Every player in this game, it seems, wants to knock down someone's castle. But in "Mockingbird," which adds to Littlefinger's already impressive list of dastardly deeds, the real problem is knowing what to rebuild afterward.
Spoilers for last night’s Game of Thrones follow:
“If you want to build a better home,” Petyr Baelish tells Sansa Stark just before planting a creepy-uncle kiss on her, “first you must demolish the old one.” He should know: Littlefinger, as we’ve discovered in recent episodes, has been bringing down castles in Westeros like Miley Cyrus riding a wrecking ball: killing a King, revealing that he killed a Hand, and now killing the Hand’s widow, after she served the purpose of marrying him and giving him a castle.
He’s a big believer in creative destruction, is our Petyr, a little lord far down the chain of power who long ago realized that if the wants to rise he needs to take a boltcutter to the chain links above him. With his talk of keeping your enemies off-balance, he has hinted at a larger plan: to upend everything, kick over the snow castle, the better for a crafty sculptor like him to rebuild it to his liking.
But to what end, for what cause?
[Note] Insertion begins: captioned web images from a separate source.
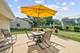 693 Dartmoor, Crystal Lake, IL 60014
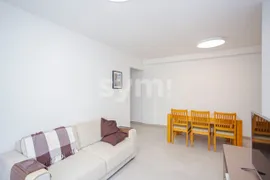Apartamento com 3 Quartos à venda, 98m² no Campo Comprido, Curitiba - Foto 2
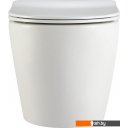 Унитазы Triton Pro Verso VO-1832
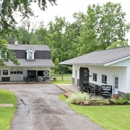 Oak Grove Carriage Ltd - Hardware-Wholesale & Manufacturers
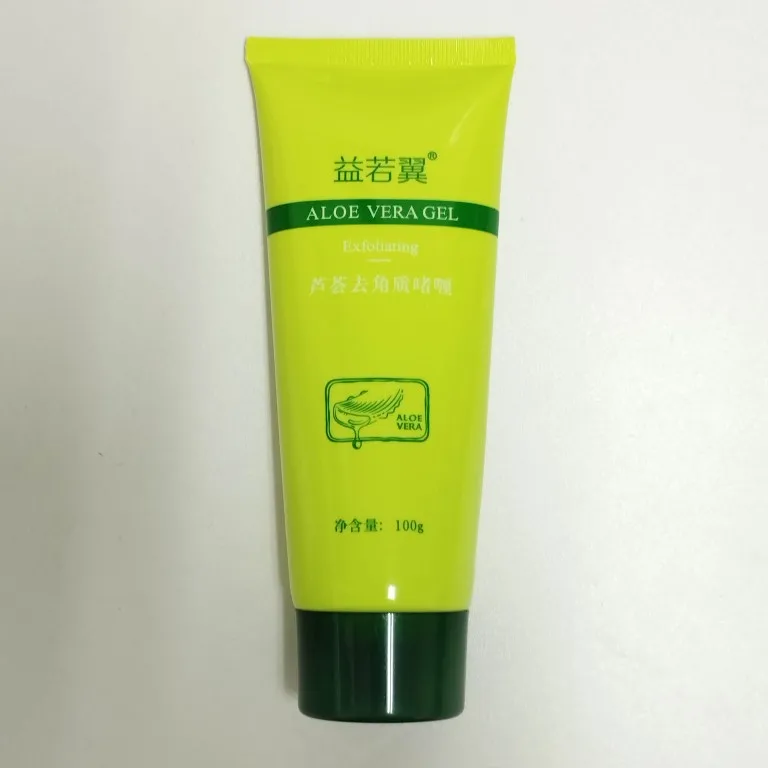 AliExpress product 1005006975302728 view 5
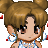minnie-mousem's avatar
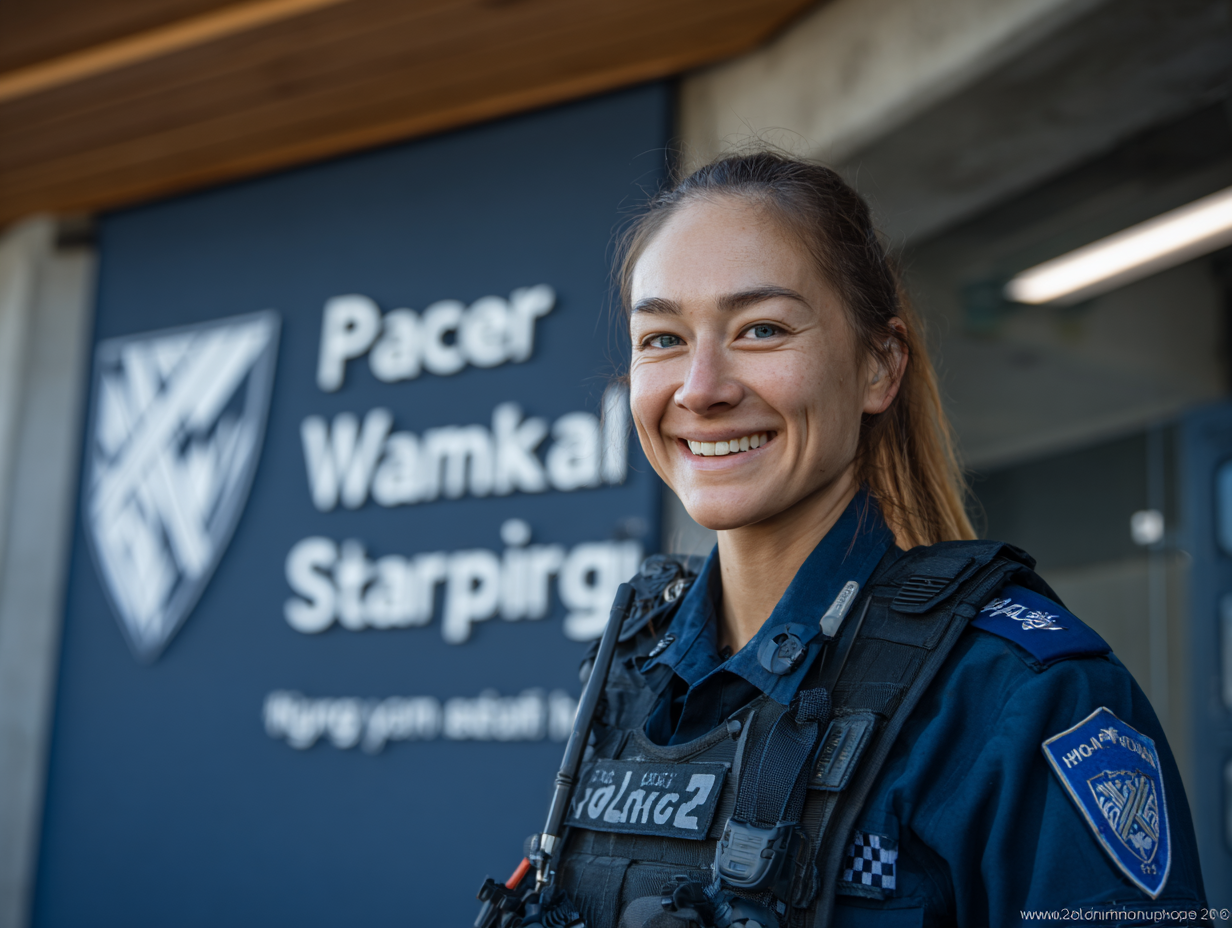 jay081480_77365_full-body_photograph_of_a_female_new_zealand_po_f058dc32-1c1f-43b9-8106-f7280341d65c jay081480_77365_full-body_photograph_of_a_female_new_zealand_po_f058dc32-1c1f-43b9-8106-f7280341d65c
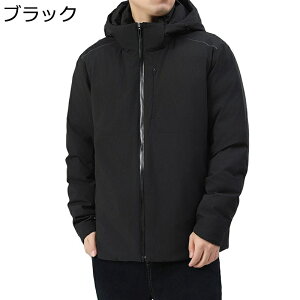 _ER[g Y fB[X _EWPbg hR[g JWA   x[VbN 傫TCY n t[ht ͂H h΍ R[g AE^[ AEghA 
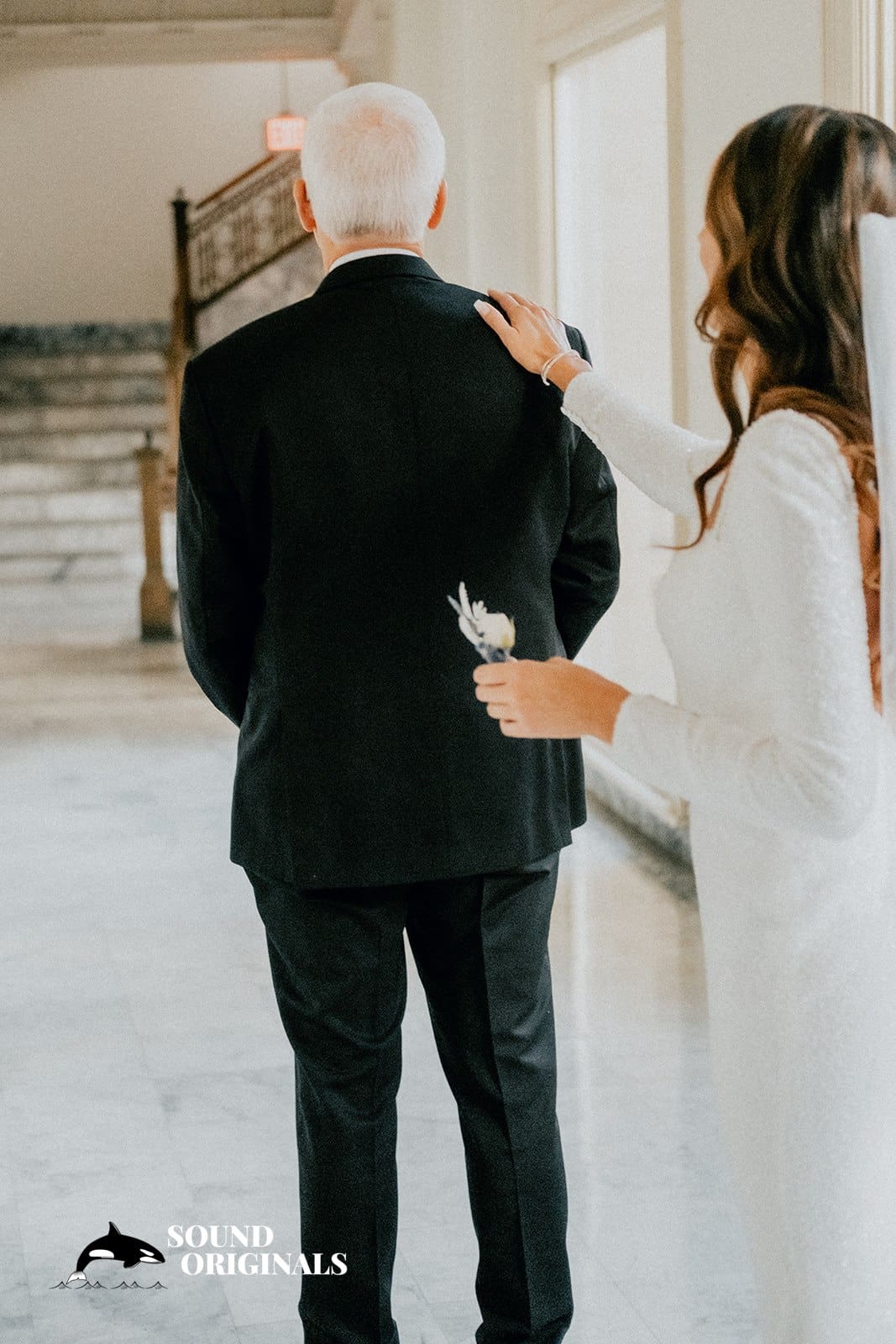 Rachel & Tyler -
Love, or lust, or both–for Catelyn and now, by quasi-incestuous extension, for Sansa. Which raises the next, implicit question: can he possibly build any better a new order on that twisted foundation?
More on that in a second, but first: Sansa, poor Sansa! She’s as unlucky a girl can be who has repeatedly been saved from death and imprisonment. She’s the Sally Draper of Westeros, forever doomed to witness terrible things and stumble upon the depravity of adults. When her sister Arya was shielded from seeing Ned’s death, she had a front-row seat. Likewise Joffrey’s hideous death, and all the psychological tortures of King’s Landing in between.